§ **What to work on**: What you should give back is a precise copy of the lines below from the one containing "a front view" through the one containing "Tony The Tiger", with no pictures.

[Collection entries]
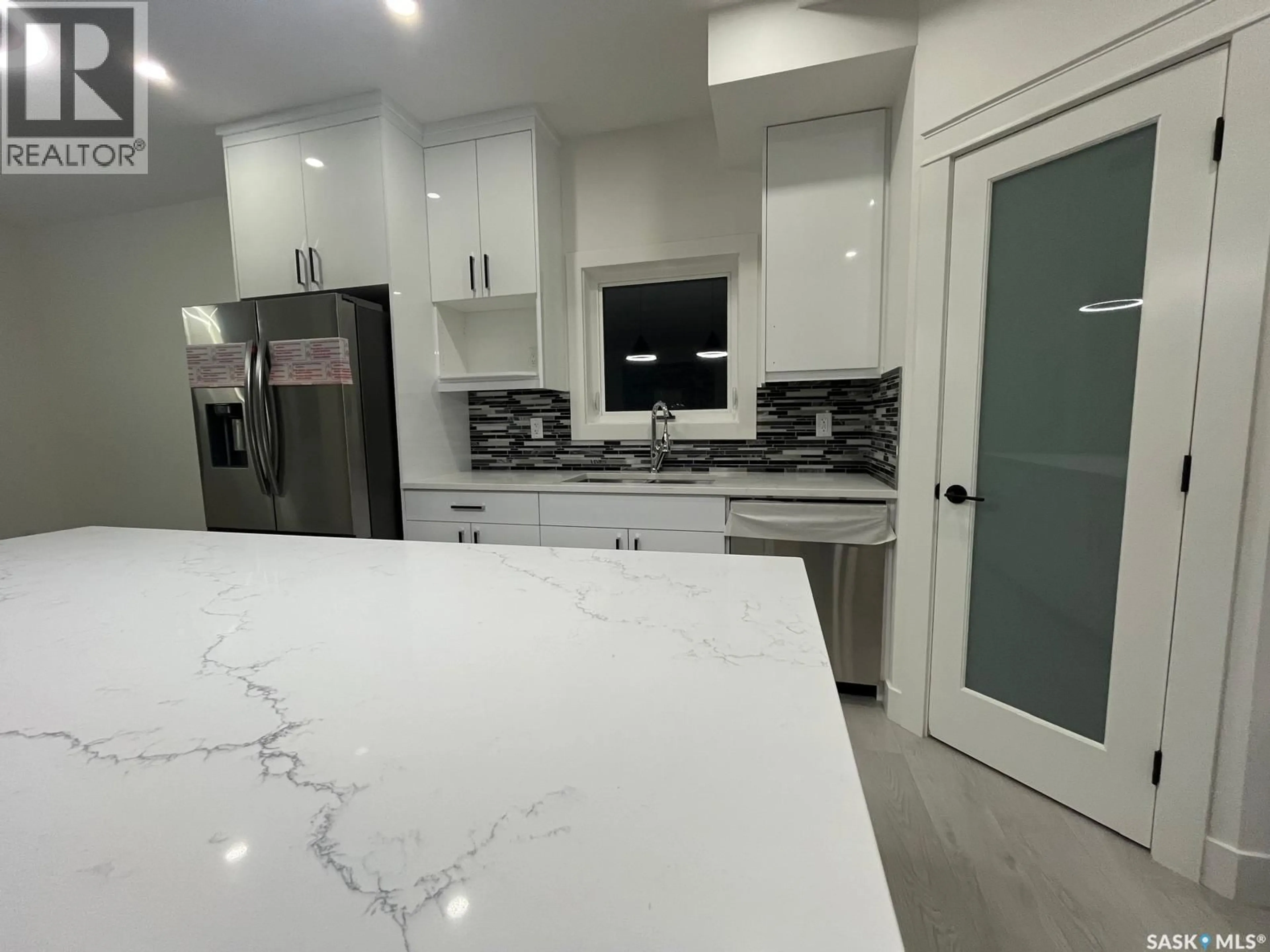 Open concept kitchen, ceramic/tile floor for 238 STROMBERG COURT, Saskatoon Saskatchewan S7L6M9
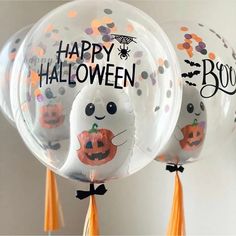 three clear balloons with happy halloween designs on them, hanging from orange tassels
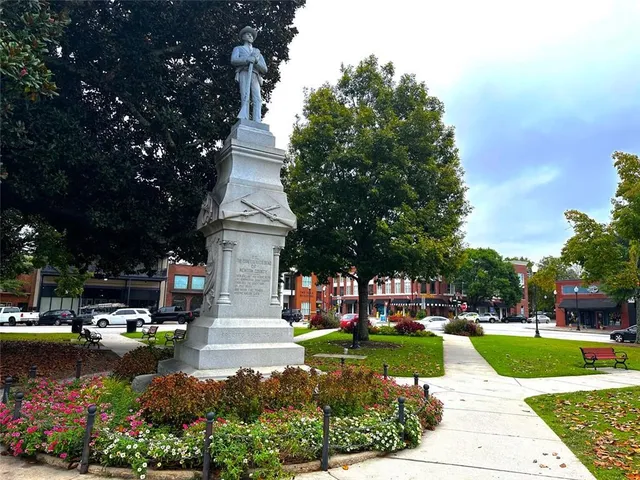 a front view of a house with a yard and trees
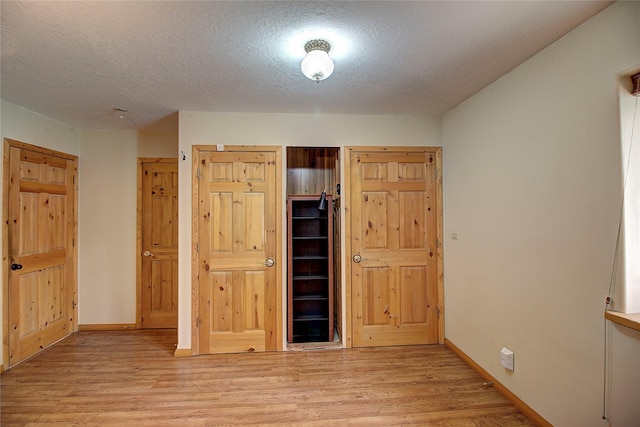 72878 Lemlama Trl, Arlee, MT 59821 - unfurnished bedroom with baseboards, light wood-style flooring, and a textured ceiling
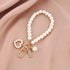 LV PEARL BAG CHARM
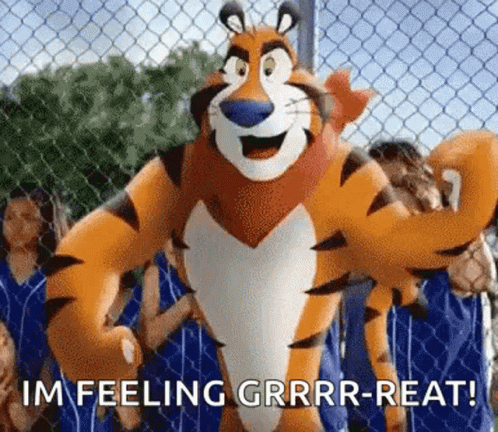 Tony The Tiger Standing In Front Of Chain Link Fence With People Behind GIF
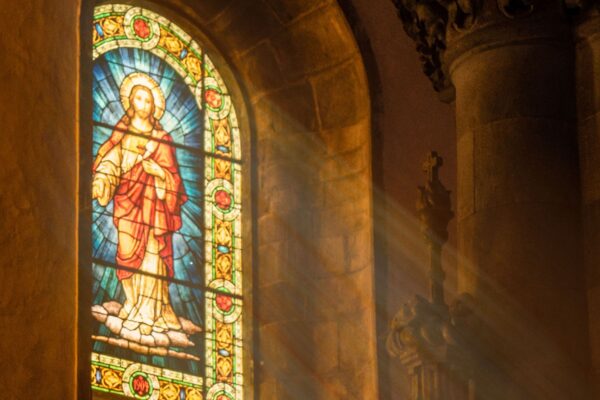 A stained glass window showing an image of Christ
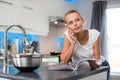 Pretty, young woman in her modern, clean and bright kitchen Royalty Free Stock Photo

§ **Your solution**:
 a front view of a house with a yard and trees
 72878 Lemlama Trl, Arlee, MT 59821 - unfurnished bedroom with baseboards, light wood-style flooring, and a textured ceiling
 LV PEARL BAG CHARM
 Tony The Tiger Standing In Front Of Chain Link Fence With People Behind GIF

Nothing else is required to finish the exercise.